Yuri Gripas | Reuters
Bank of England Governor Mark Carney leaves after speaking at 2017 Institute of International Finance (IIF) policy summit in Washington, U.S., April 20, 2017.
Summer data appear to have given doves a boost ahead of Thursday’s Bank of England (BOE) rate decision, with just 2.5 percent of analysts polled by Reuters expecting a rate rise.
Investors seem to be nodding in agreement with market indicators pointing to a mere 8 percent chance of a 25 basis point tightening this week. Yet at the beginning of the summer, divisions at the bank’s MPC’s (Monetary Policy Committee) were sharply exposed with a surprise 5-3 vote split on whether to raise interest rates.
The hawkish minority saw inflation – measured by the consumer price index (CPI) – consistently above the BOE’s target of 2 percent while unemployment reached 40-year lows.

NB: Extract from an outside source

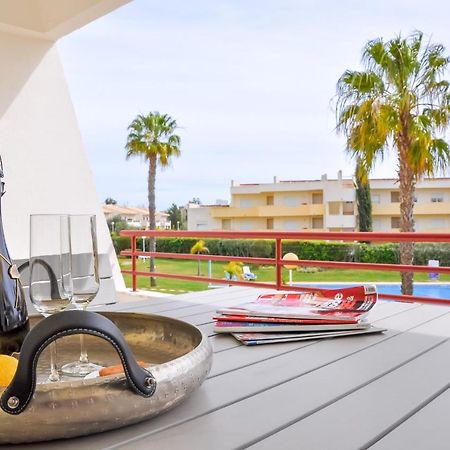 Lovelystay - 2Br Modern, Pool Access, Close To Marina & Beach Quarteira Buitenkant foto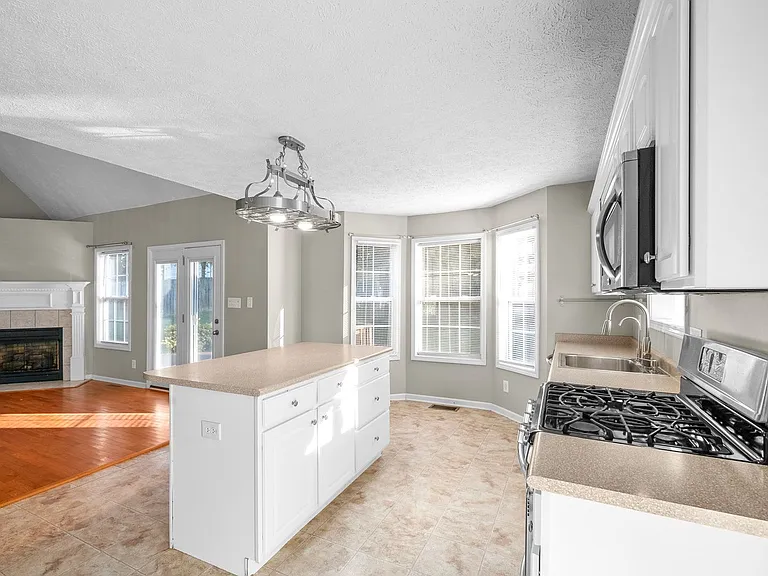 3487 Hickory Glen Dr — Photo 17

Meanwhile, doves – who believe in easy monetary policy and are more concerned on jobs – preached that inflation has peaked, and warned on sluggish growth rates amid a backdrop of volatile Brexit fueled politics.
While these fault lines remain, heading into the meeting the second-quarter data increasingly support the latter argument and Governor Mark Carney’s Brexit-fueled concerns.
Inflation has been central to Threadneedle Street’s recent focus. Contrary to most of the developed world it has been high, reaching 2.9 percent in May. In this context June’s CPI reading was significant coming in at 2.6 percent emboldening those who have argued peak inflation has been reached.
In addition, as Morgan Stanley analysts pointed out last week, even this is not the result of a booming economy and rising service prices but rather goods inflation, susceptible to one-off external factors like the politically-induced weaker pound. Governor Carney is known to be looking for more domestically generated inflation before fully buying into what look like robust CPI numbers.